Há quem aponte interesses externos no discurso da
preservação de áreas ambientais e de reservas. Qual sua visão?
A acusação de que ambientalistas e defensores de direitos humanos servem
interesses externos é primária, além de velhíssima: teve largo uso desde a
ditadura e na Constituinte. Sai do armário quando não há bons argumentos.
Como a questão indígena está sendo tratada? Como devia
ser tratada?
Hoje a questão indígena está sob fogo cerrado. Muitos parlamentares estão
tentando solapar os direitos indígenas consagrados na Constituição de 1988.
Querem, por exemplo, permitir mineração em áreas indígenas e decidir sobre
demarcações. E a recente investida da Advocacia Geral da União de que já falei
levanta dúvidas sobre as disposições do Poder Executivo.
Em "Negros, Estrangeiros" a sra. afirma:
"Tentou-se controlar a passagem da escravidão à liberdade com o projeto de
ver formada uma classe de libertos dependentes. Formas de sujeição ideológica,
em que o paternalismo desempenhou um papel essencial, e formas de coerção
política foram postas em uso". Essa realidade persiste?
Comento no livro que um dos mecanismos do projeto de criar uma classe de
libertos dependentes foi a separação mantida até 1872 entre o direito
costumeiro e o direito positivo. Alforriarem-se escravos que oferecessem seu
valor em dinheiro era um costume, mas não era um direito, contrariamente ao que
se apregoou.
A alforria, mesmo paga, era sempre considerada como uma concessão do
senhor, e implicava um dever de gratidão para o liberto: tanto assim que, desta
vez por lei, podia ser revogada se o liberto se mostrasse ingrato. Hoje a lei
avançou e o conhecimento das leis também. A dependência não é mais a mesma. Mas
o clientelismo, do qual o paternalismo é uma forma até mais simpática, não
desapareceu. As ligações e lealdades pessoais, a proteção, as conivências são
flagrantes na esfera política.
Mas você me pergunta de vestígios da realidade escravocrata no Brasil. Olhe
com atenção cenas de rua. São muitas as que parecem saídas de fotografias dos
anos 1870 ou até de aquarelas de [Jean-Baptiste] Debret, da década de 1820. As
babás escravas cujos retratos aparecem no livro são muito parecidas com as que,
mais malvestidas e todas de branco, levam as crianças aos parques no Rio de
Janeiro. Os carregadores de ontem e de hoje pouco diferem...
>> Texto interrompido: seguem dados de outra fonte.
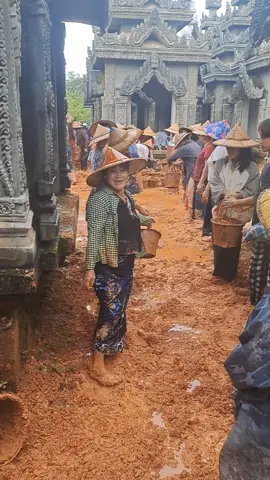 #tiktok #myanmar #ကိုရင်လေးဘုရားရေးမြို့ #ဆယ်လီမှအသဲပေးတာလား😔😑 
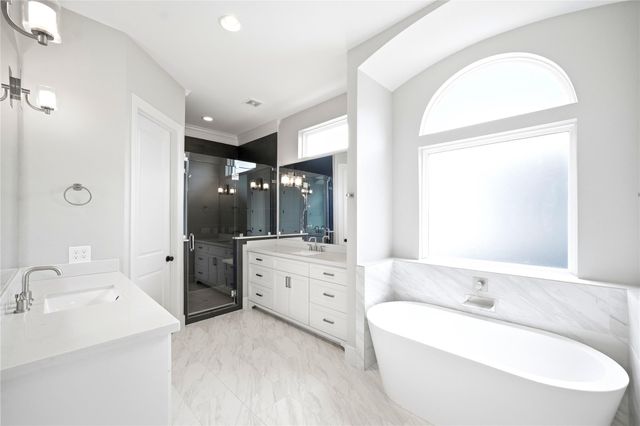 1204 W 16th Street B, Houston, TX 77008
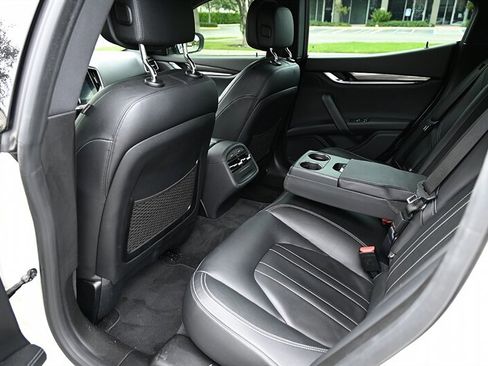 Used 2019 Maserati Ghibli S Q4 image 32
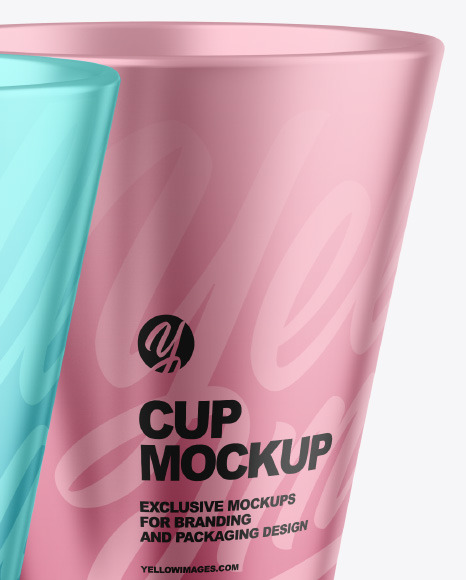 Two Metallic Cups Mockup PSD #1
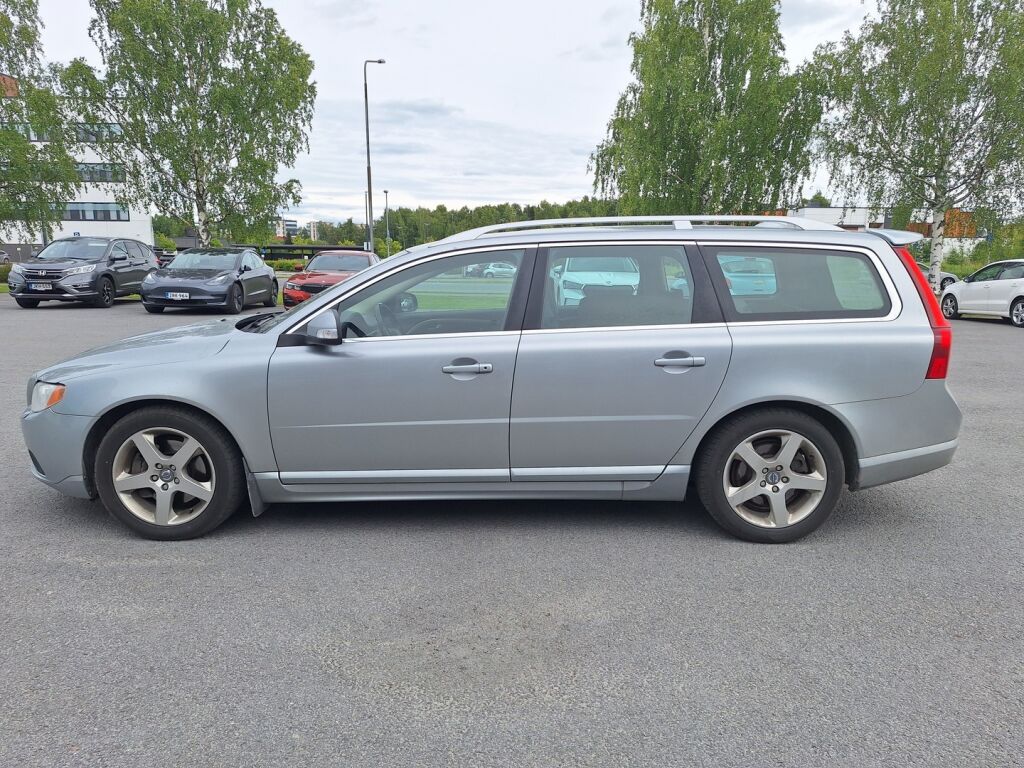 Volvo V70 2008 Harmaa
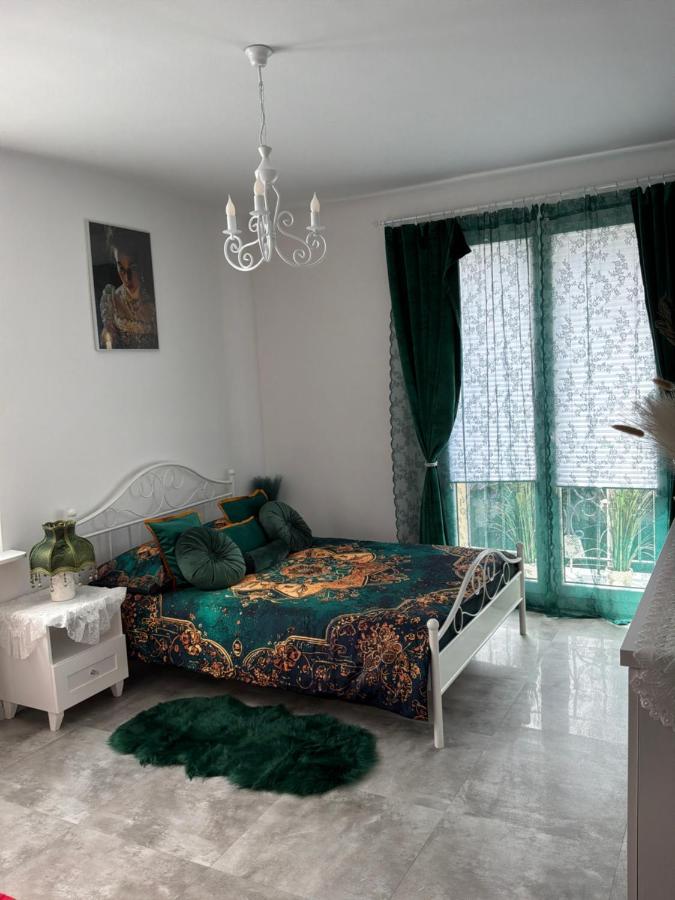 Apartament w centrum Kutna - Ferienwohnung Kutno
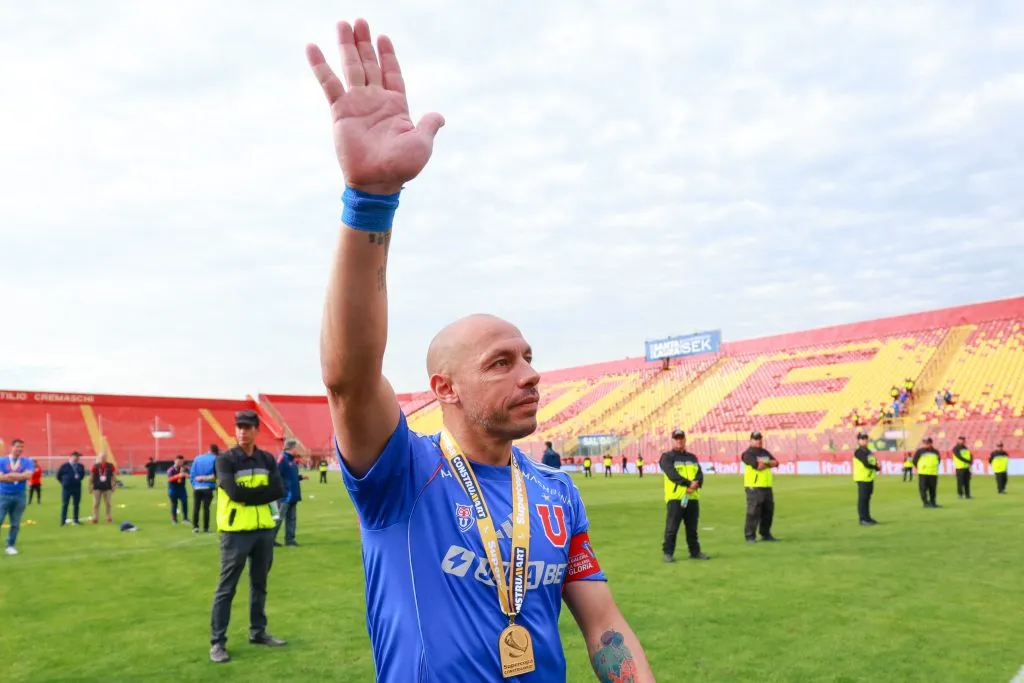 El estadio Santa Laura todavía no tiene luz artificial, que fue clave para el horario del partido. Foto: Javier Vergara/Photosport
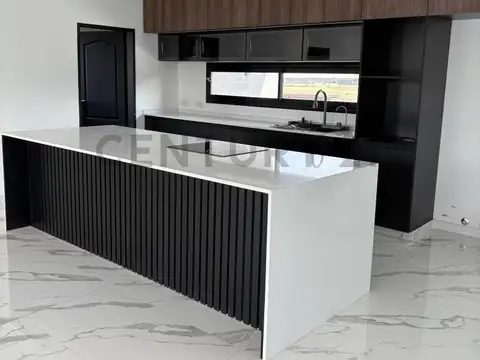 Casa en Venta con 4 cocheras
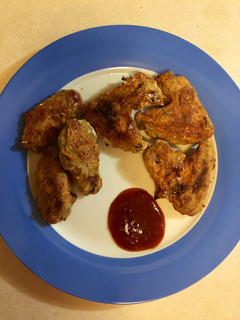 A picture of CHICKEN WINGS 😋😋😋.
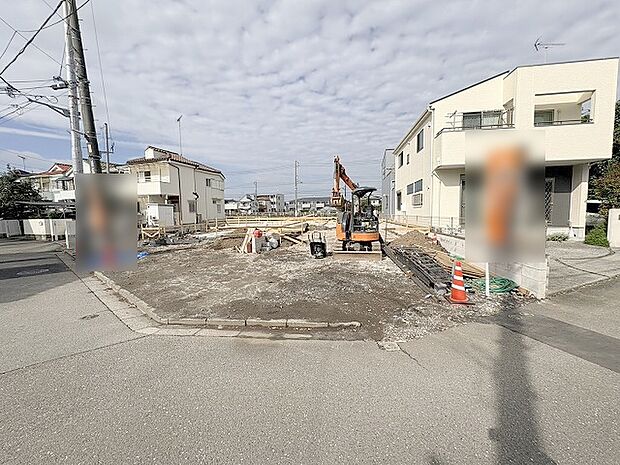 現在建物を建築中です、建築中の物件については現地確認の他、同施工会社の完成施工例のご案内、担当者のプレゼンテーションにてご検討ください。適切なご検討の方法をご説明させて頂きます。 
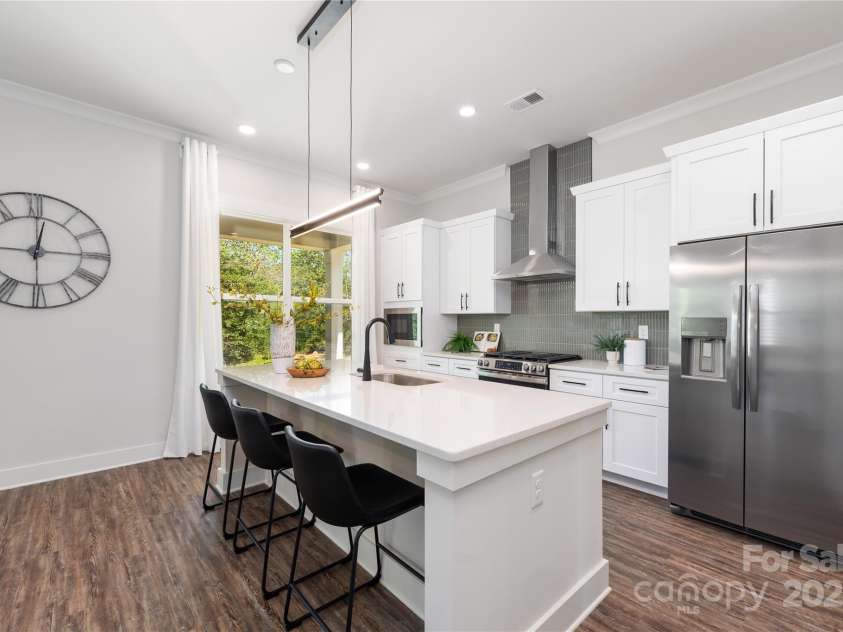 3895 12th Street, Hickory, NC 28601.  MLS# CAR4238756, YatesRealty ID 16065. 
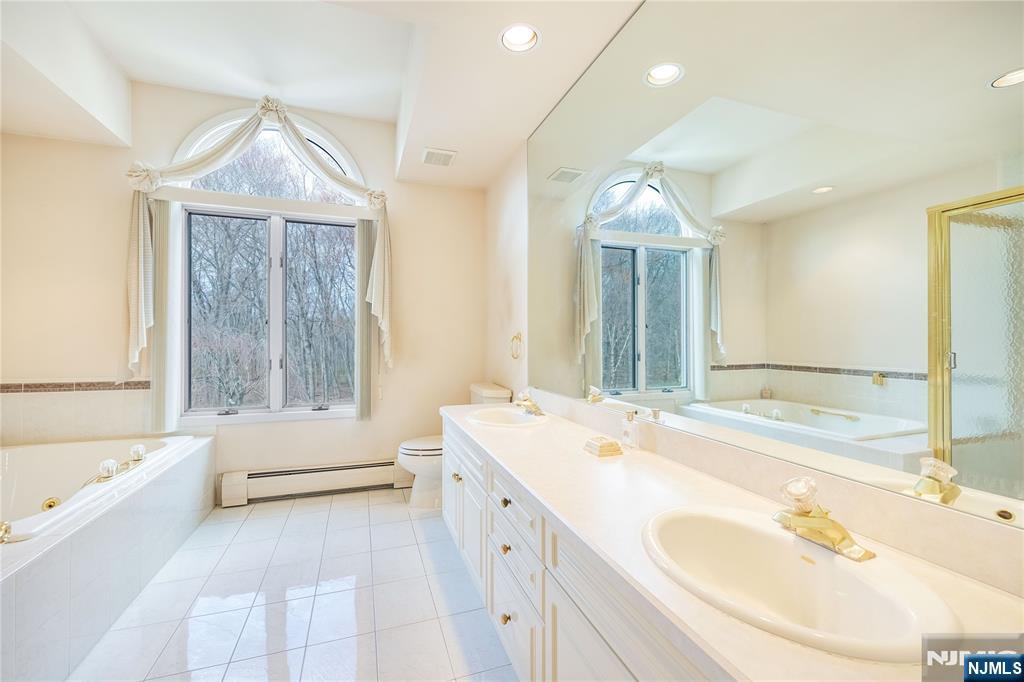 856 Hemlock Court, Unit T175 Norwood, NJ 07648 - Photo 24 of 37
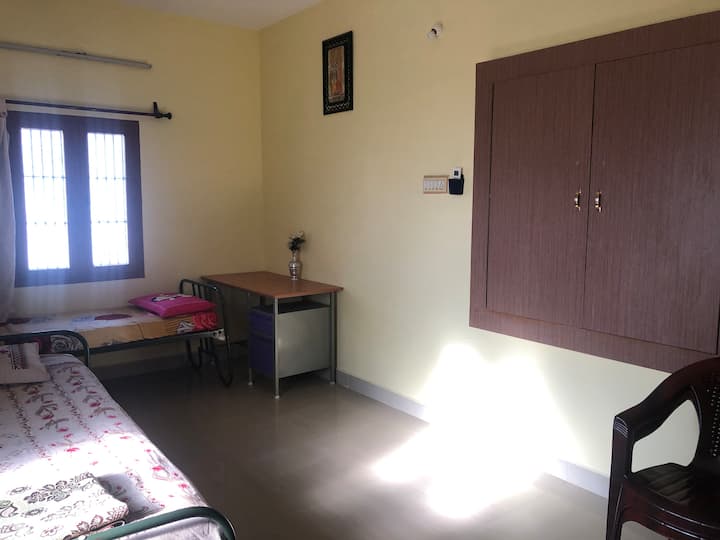 1 Bedroom Guest House In Palani /Second Floor - Palani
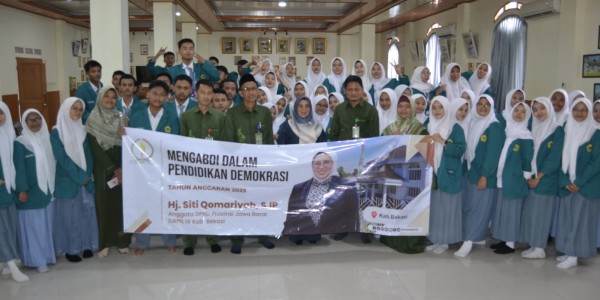 Di depan Para Siswa, Siti Qomariyah Ingatkan Sikap Saling Menghargai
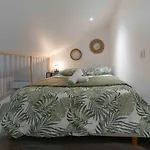 Le Celest - Climatises - Centre Apartment *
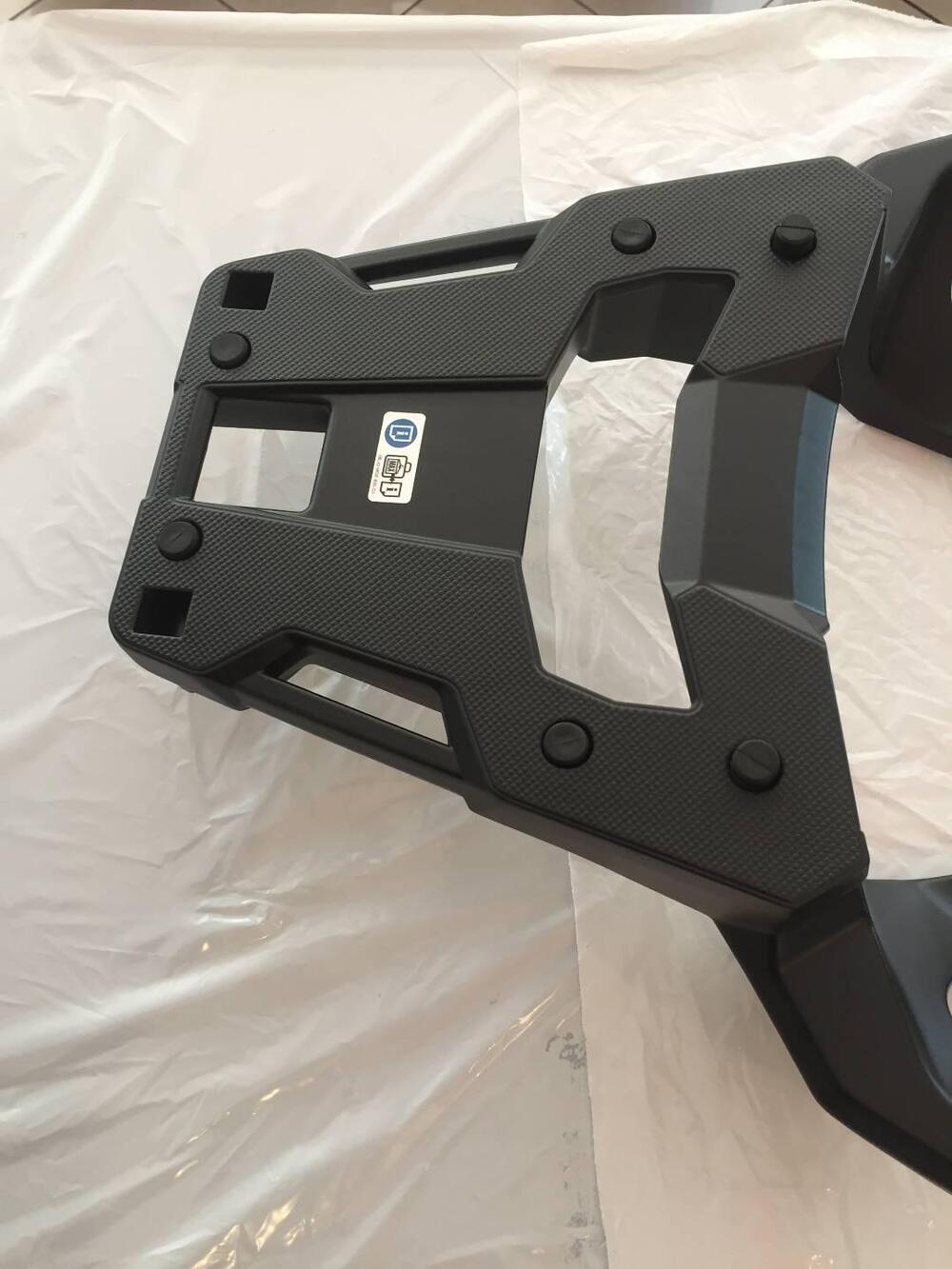 Portapacchi X-adv Honda (3)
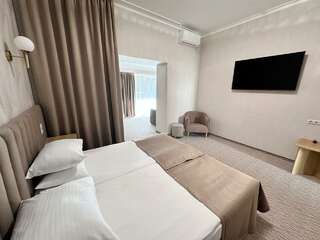 Гостиница Универсал Светлогорск 2-комнатный номер стандарт комфорт-16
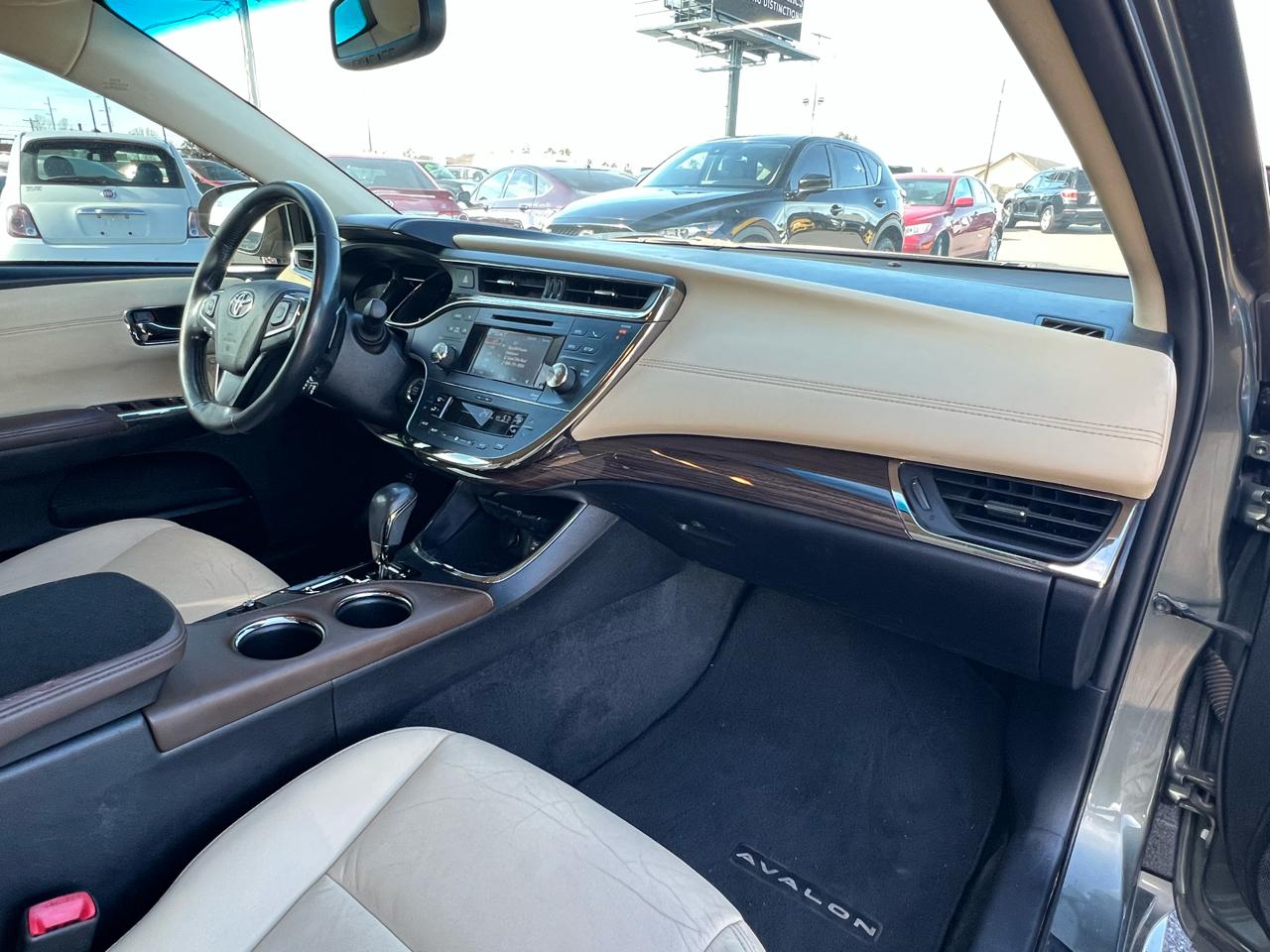 Toyota Avalon XLE 2013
Como a sra. explica a escravidão moderna? Por que ela
persiste?
A escravidão moderna, nisso semelhante à escravidão legal que desapareceu,
é uma das múltiplas formas de uma questão sempre atual, a do fornecimento e do
controle de mão de obra.
Trabalhadores em regime análogo à escravidão em fazendas;
em São Paulo, imigrantes bolivianos e paraguaios enfrentam condições desumanas
em confecções. Qual relação há entre essa realidade e a história brasileira de
escravidão?
As formas contemporâneas de opressão de trabalhadores, sobretudo urbanos,
não são específicas ao Brasil: por toda parte, elas afligem populações de
migrantes sem documentos, que, mantidos na ilegalidade e sempre sujeitos a
serem expulsos, não conseguem se defender das condições degradantes. A
propalada globalização permitiu livre trânsito a mercadorias e capitais, mas não
se estendeu (a não ser no âmbito da União Europeia) às pessoas.
No campo, os regimes análogos à escravidão usam a força para restringir a
liberdade, e não a chantagem, já que em geral se trata de brasileiros
recrutados em outros Estados que, teoricamente, poderiam recorrer às
autoridades. Mas o isolamento físico e a distância dos seus lugares de origem
permitem que impunemente se use a força contra eles.